Ниспровергнуть что-нибудь – это всегда скорее попытка забыть, а не рассчитаться с прошлым. И наоборот.
Были попытки свести счеты, я бы сказал, эксплуататорского характера – соц-арт, Комар и Меламид – какими бы они ни были эффективными, не было в них теплоты, ощущения преемственности времени… Я еще в начале перестройки сказал, что гласность нам нужна, чтобы понять, сколько в России было советского, а в советском русского… Это непрерывная вещь. Мы еще не расплатились, еще не выиграли. Я думаю, прямых реверсий уже быть не может, но все затянется неимоверно, если не признать прошлое своей историей. Признать вовсе не значит назначить ее победной – хотя бы обозначить, что она была… И Митьки извлекают из нее самое человечное, самые гуманные, самые народные ее стороны.
Они показали нам, отчего мы выжили, а не отчего пропадали. Вернули нам – нас. Нашли подлинный тон по отношению к прошлому.
«Ничего» Владимира Шинкарева[28]
Сначала
В. В. Розанов в статье «Вокруг русской идеи» с восхищением рассказывает про Бисмарка, который в бытность свою в Петербурге, не зная русского, постиг главное наше слово. Поехал он однажды на медвежью охоту.
Другой случай, отчасти тоже немецкий, рассказан был мне однажды одним литературным деятелем, тоже впоследствии заплутавшим «вокруг русской идеи».
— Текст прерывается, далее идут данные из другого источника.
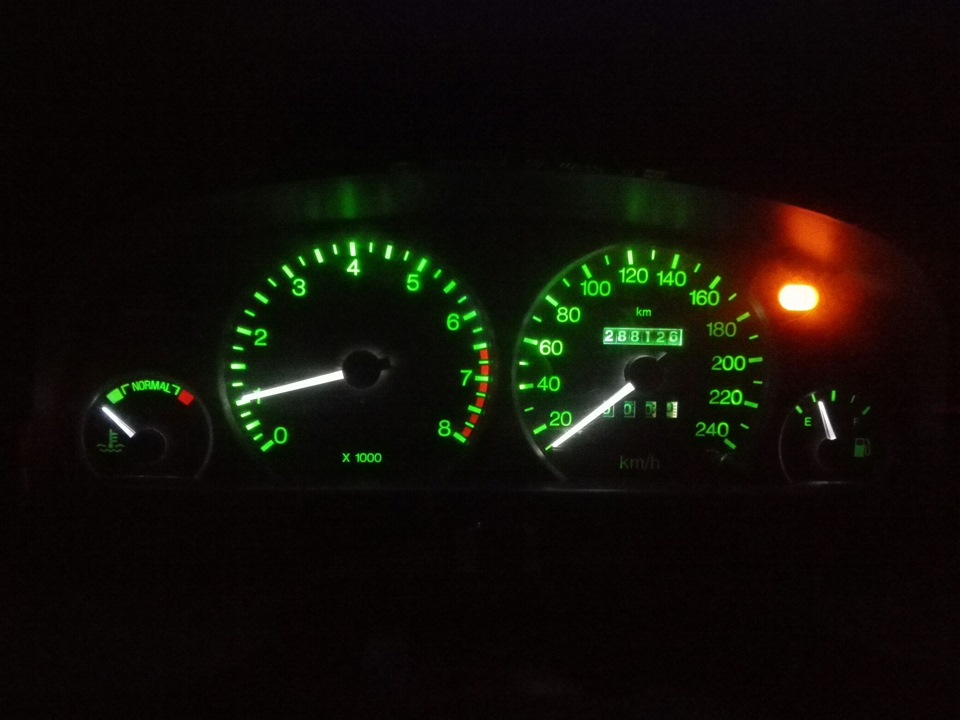 последний вариант — Ford Mondeo II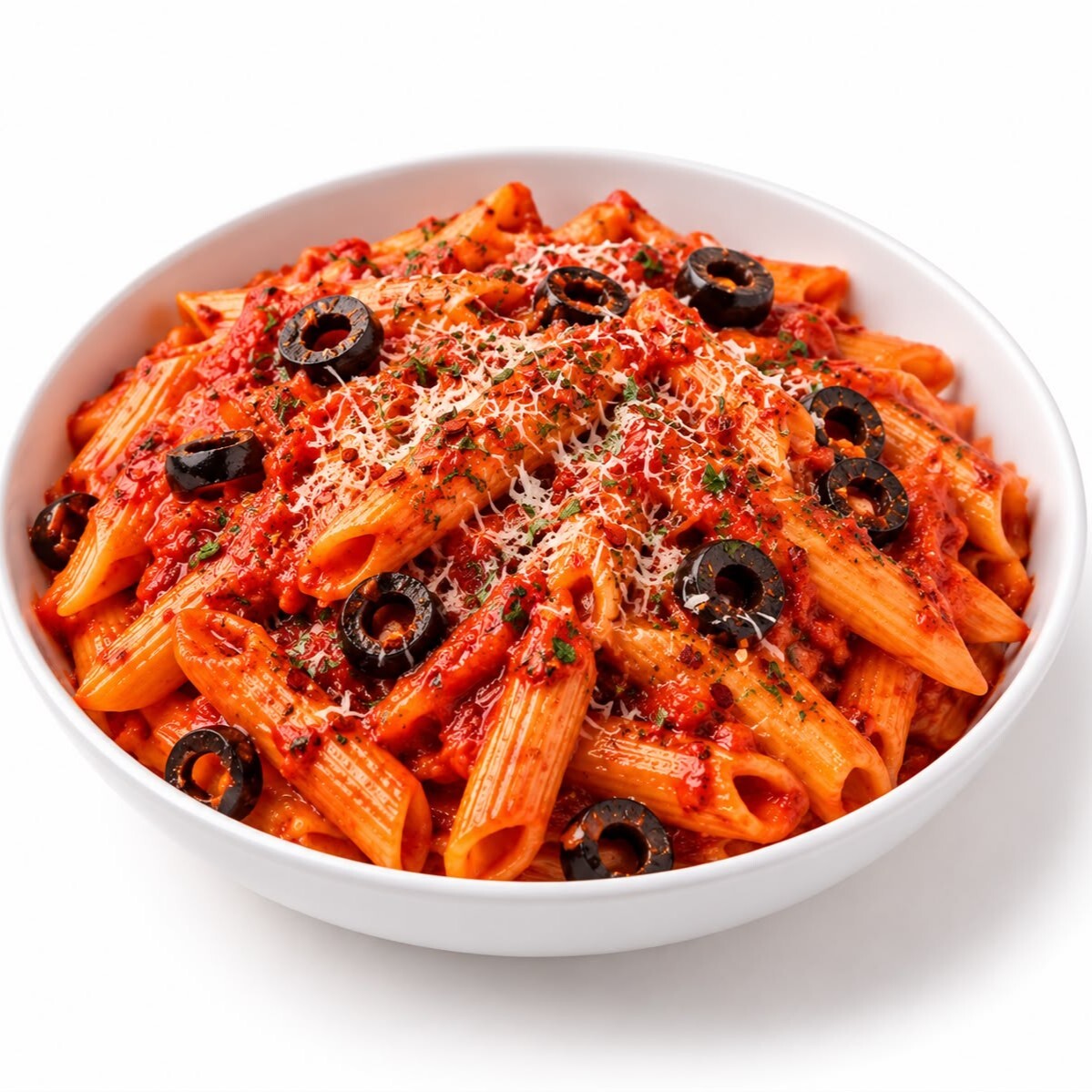Arabiata Soslu Penne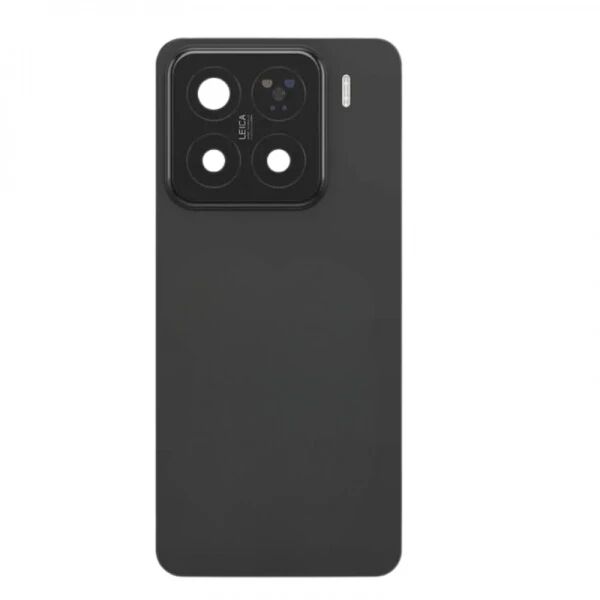 Face arri�re Xiaomi 15 noir
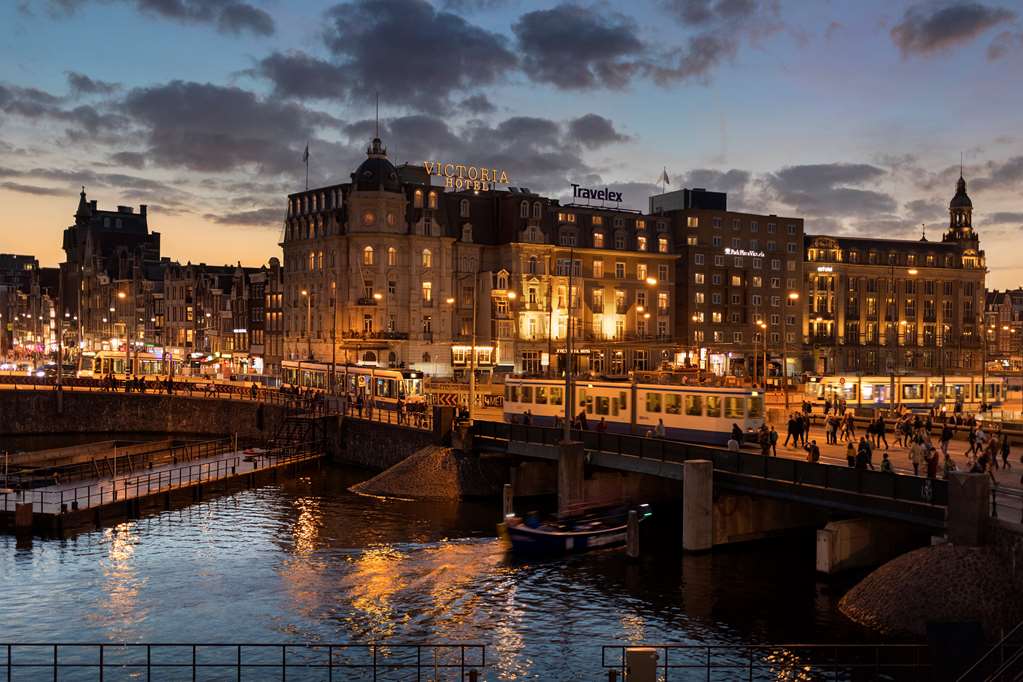 Foto's Park Plaza Victoria Amsterdam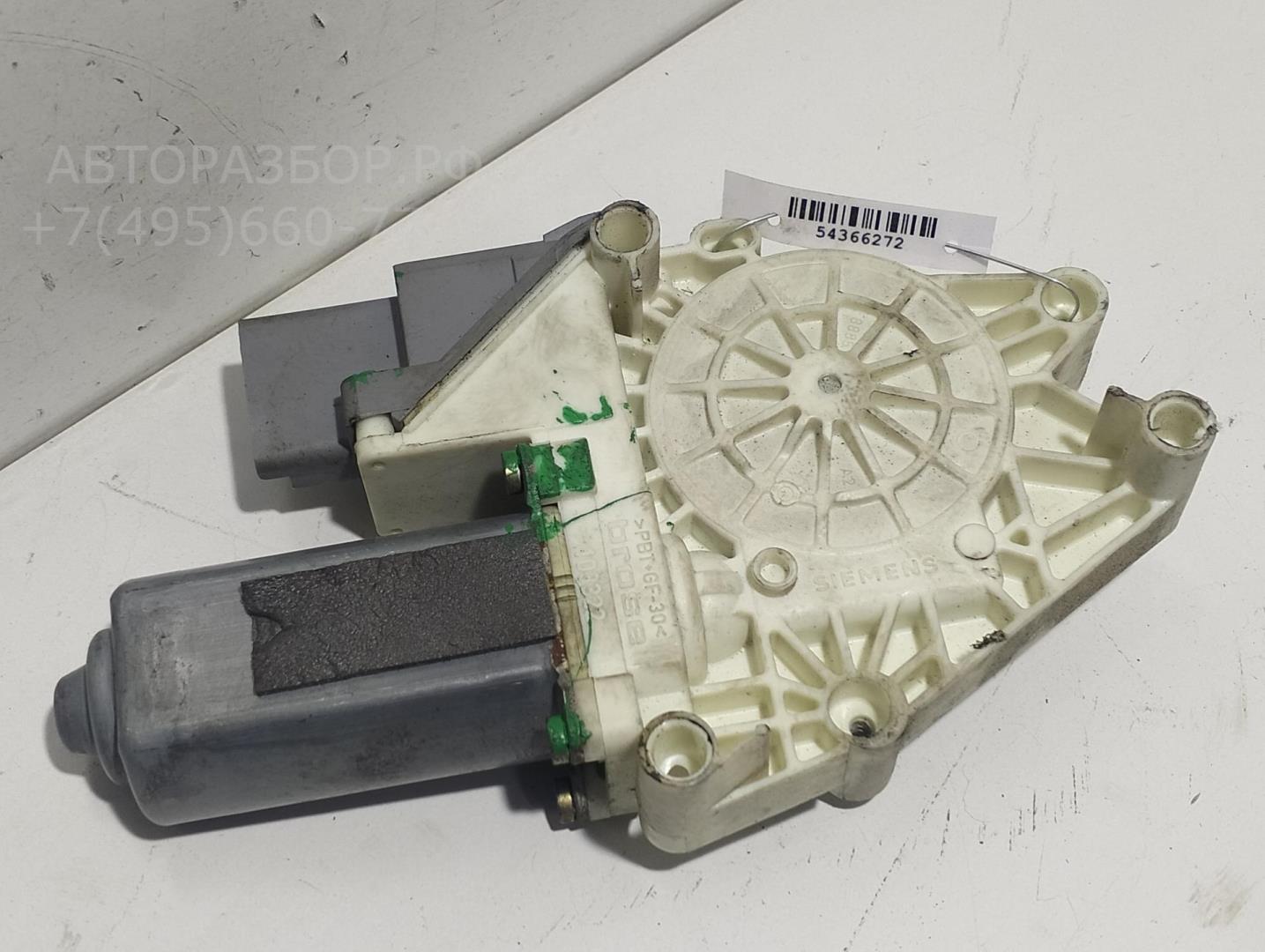 Моторчик стеклоподъемника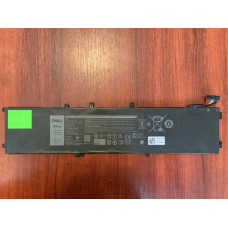 3960 оригінал! DELL 4K1VM Знос: 58% DELL G7 7700,DELL Inspiron 7501,DELL Precision 5520, 5530, 5540,DELL Vostro 7500, 15 7590, 15 9560, 15 9570.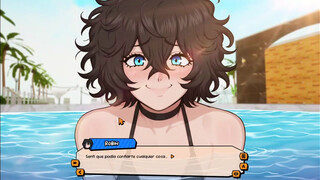 Mi Compañero de Cuarto Femboy Fin de Semana Especial 11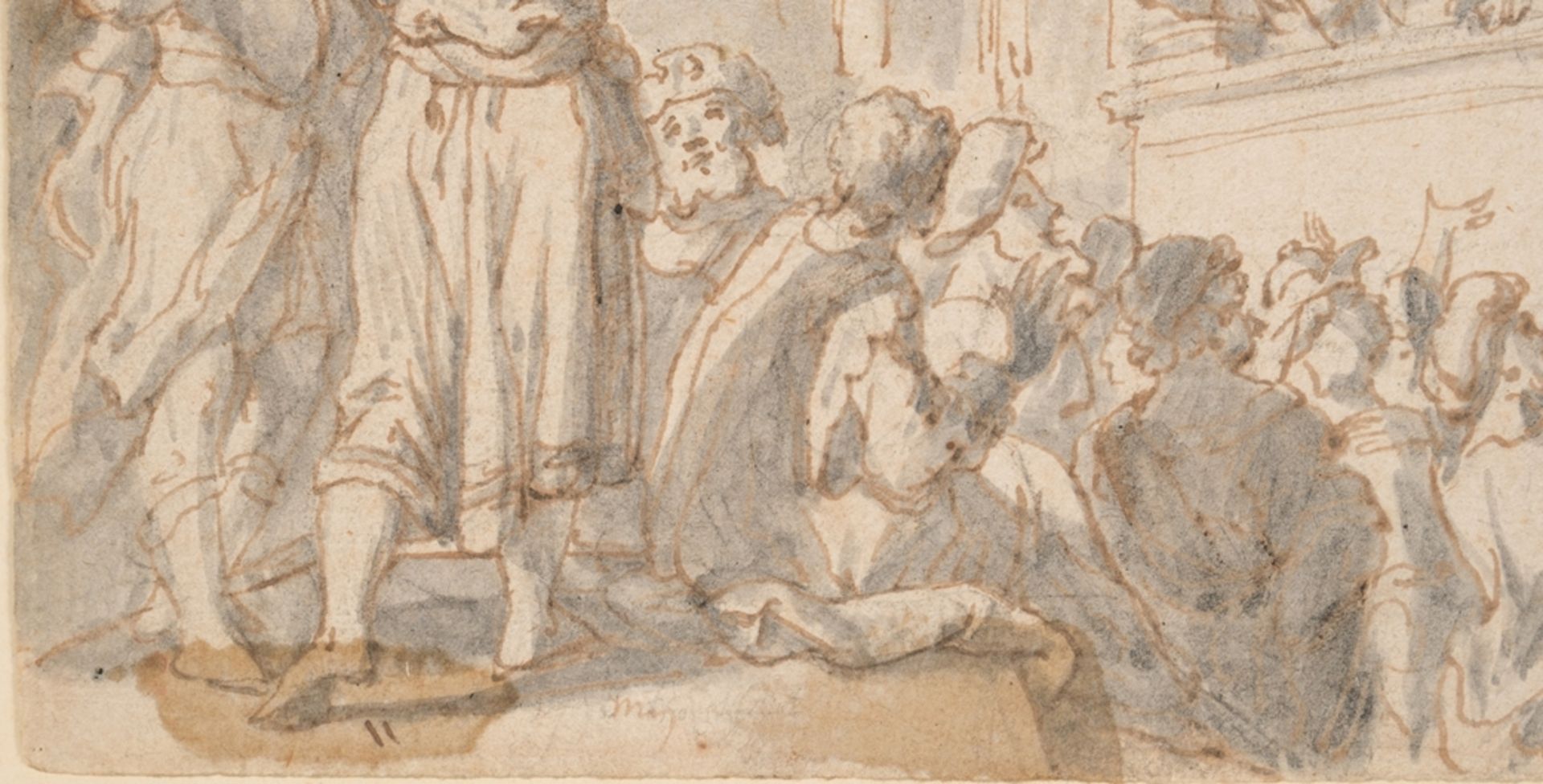 Niederländischer Meister des 17. Jahrhunderts,  - Bild 4 aus 12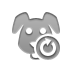dog,reload icon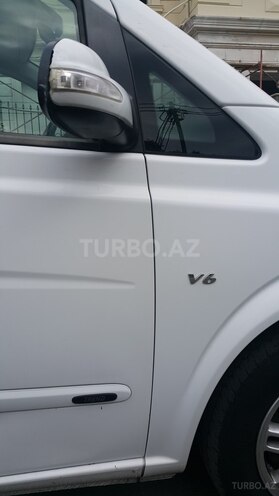 Mercedes Viano 2007, 261,000 km - 3.0 l - Bakı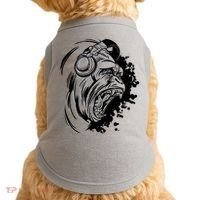 DJ Gorilla Doggie Tank thumb 0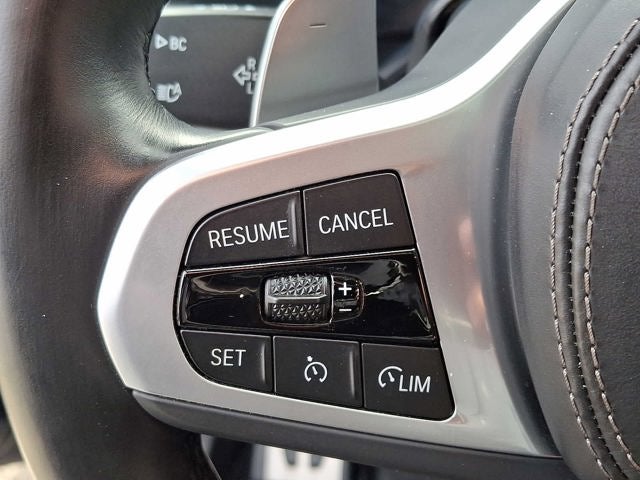 2022 BMW X7 xDrive40i Sports Activity Vehicle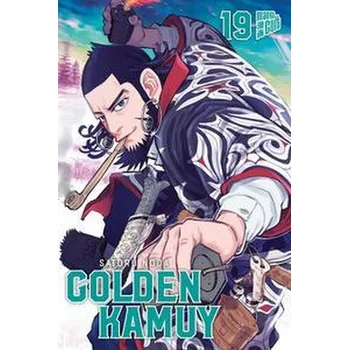 Komiks pro dospělé Golden Kamuy 19 - Noda, Satoru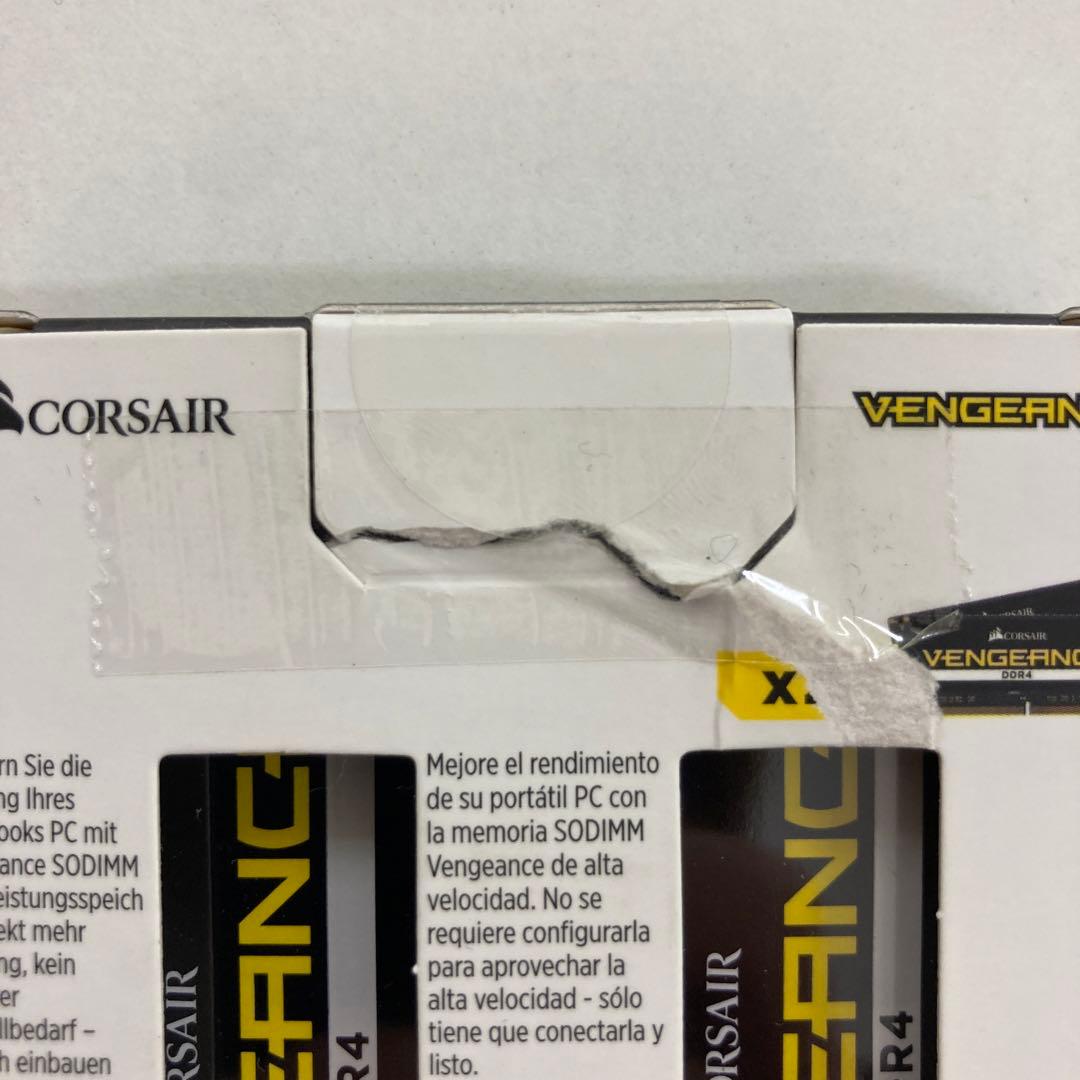 その他 CORSAIR CMSX32GX4M2A2666C18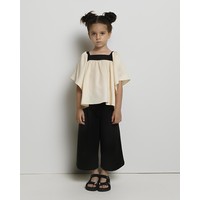 Yell-Oh BLOUSE BUTTERFLY MILK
Якобы он встретился в Эстонии с великим их философом-богословом, почтенного возраста и всеевропейской известности, и спросил его вполне провокационно: под кем же все-таки было лучше, под немцами или под русскими? Старец, всерьез подумав, отвечал определенно: «Все-таки под русскими». «Почему же?» – не унимался наш провокатор. «Немцы обязательно учили жить, – отвечал старец, опять всерьез подумав. – А русские лишь учат делать ничего». «Вы хотели сказать: ничего не делать?» – переспросил наш русофил, подозревая эстонца в недостаточном знании русского. – «Нет, я именно так хотел сказать: учат делать
Что ж, «ничто есть определенное нечто». Опять же немец.
Обратив недоуменный взор на Восток, упремся в прозрачную стену ДАО.
В переводе на русский с дзен-буддистского: «Пойди туда, не знаю куда, принеси то, не знаю что». Писать не в традиции, а смыслами означает создавать миф, то есть возвращаться в традицию.
Литературный памятник, в частности, характерен тем, что неизвестно, кто его создал. А если известно кто, то как бы и не важно. Имя автора и героя становится амбивалентно: не Дон Кихот ли написал Сервантеса, а Робинзон Крузо – Дефо, а Швейк – Гашека? Не говоря уже о Шекспире или Шолохове, про которых лучше всего поспорить, были ли?
Конец 60-х как результат охарактеризован рождением двух памятников, отменивших феномен авторства, столь назойливо навязанный индивидуализмом предшествующего развития литературы: «Москва – Петушки» и «Николай Николаевич». В первом случае имя автора слилось с именем героя так, что и по сию пору, в силу всенародной любви, все поминают автора излишне фамильярно Веничкой; во втором – автору пришлось эмигрировать, чтобы объявить свое авторство.
Советский режим, идеология, цензура, самиздат – все это создавало условия, спрессовавшие время десятилетий до плотности веков и тысячелетий: памятник литературы родился как жанр. «Максим и Федор» и «Митьки» – явления именно этой традиции. Никому и не важно, кто их написал.